## EXERCISE PROMPT
Transcribe only the part of the material below that begins at the line containing "Thumbnail: Stop Struggling" and ends at the line containing "When evil lurks", with both kept and images left out.

## TASK INPUT
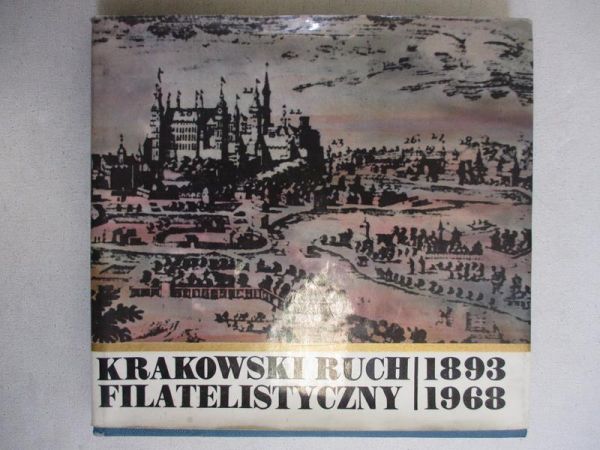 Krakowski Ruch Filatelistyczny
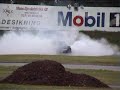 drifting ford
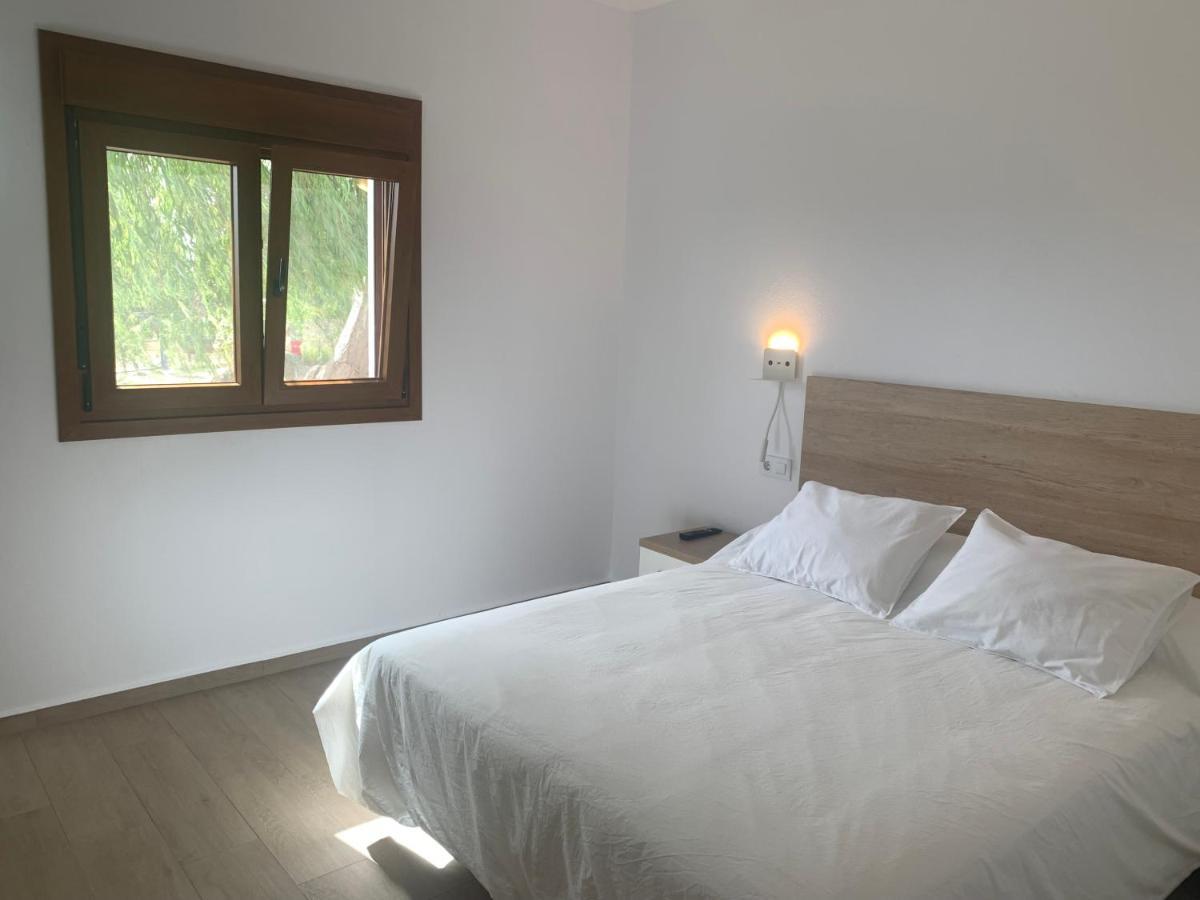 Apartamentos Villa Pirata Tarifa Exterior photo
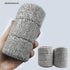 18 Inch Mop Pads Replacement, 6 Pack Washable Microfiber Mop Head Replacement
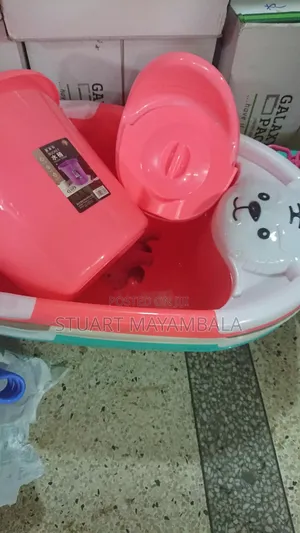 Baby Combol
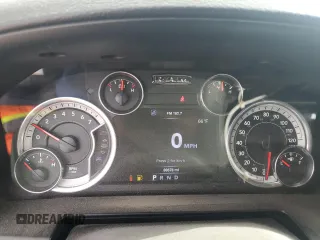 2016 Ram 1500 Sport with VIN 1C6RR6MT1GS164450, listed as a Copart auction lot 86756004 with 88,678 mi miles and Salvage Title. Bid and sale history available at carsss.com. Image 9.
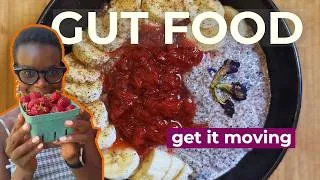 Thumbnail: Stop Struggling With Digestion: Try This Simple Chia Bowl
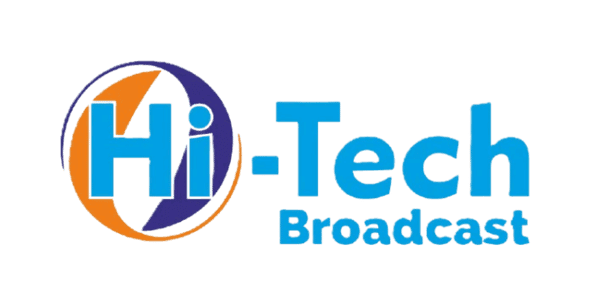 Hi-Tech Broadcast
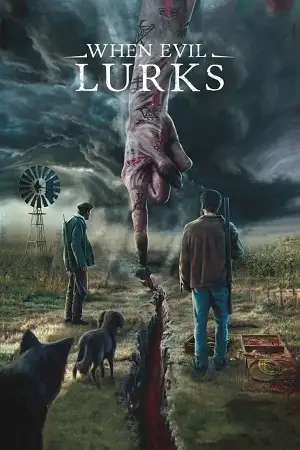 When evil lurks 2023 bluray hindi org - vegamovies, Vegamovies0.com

==

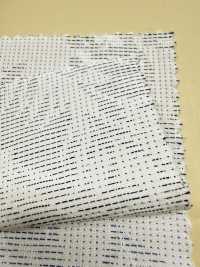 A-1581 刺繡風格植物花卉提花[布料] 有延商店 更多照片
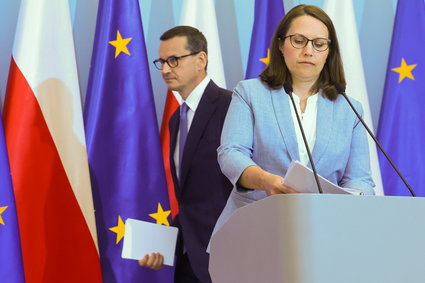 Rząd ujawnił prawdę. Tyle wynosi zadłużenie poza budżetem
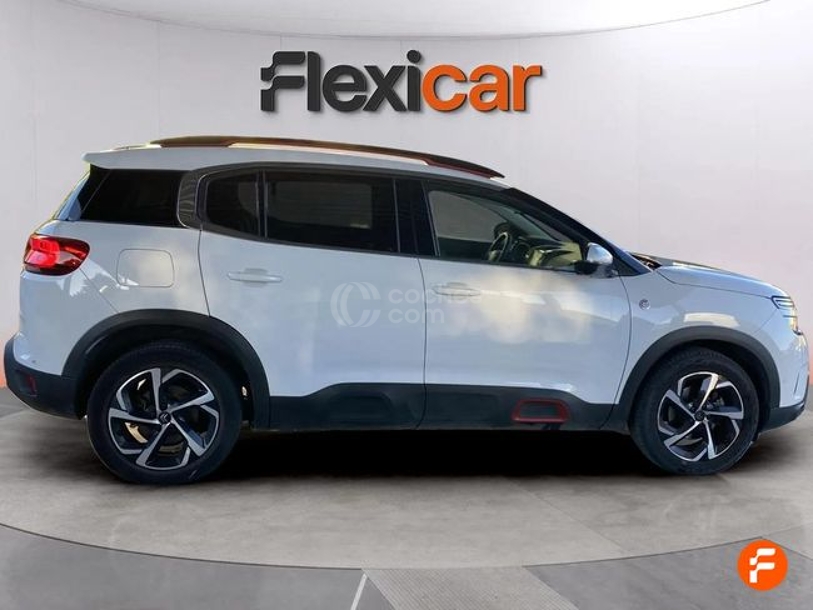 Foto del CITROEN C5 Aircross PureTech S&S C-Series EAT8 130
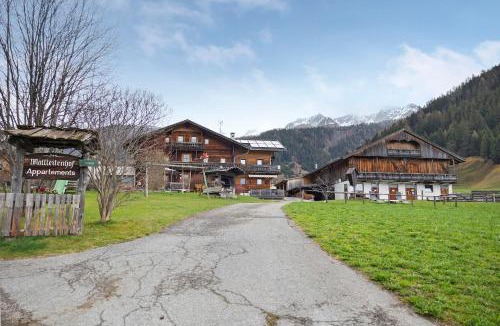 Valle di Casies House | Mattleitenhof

## YOUR SOLUTION
 Thumbnail: Stop Struggling With Digestion: Try This Simple Chia Bowl
 Hi-Tech Broadcast
 When evil lurks 2023 bluray hindi org - vegamovies, Vegamovies0.com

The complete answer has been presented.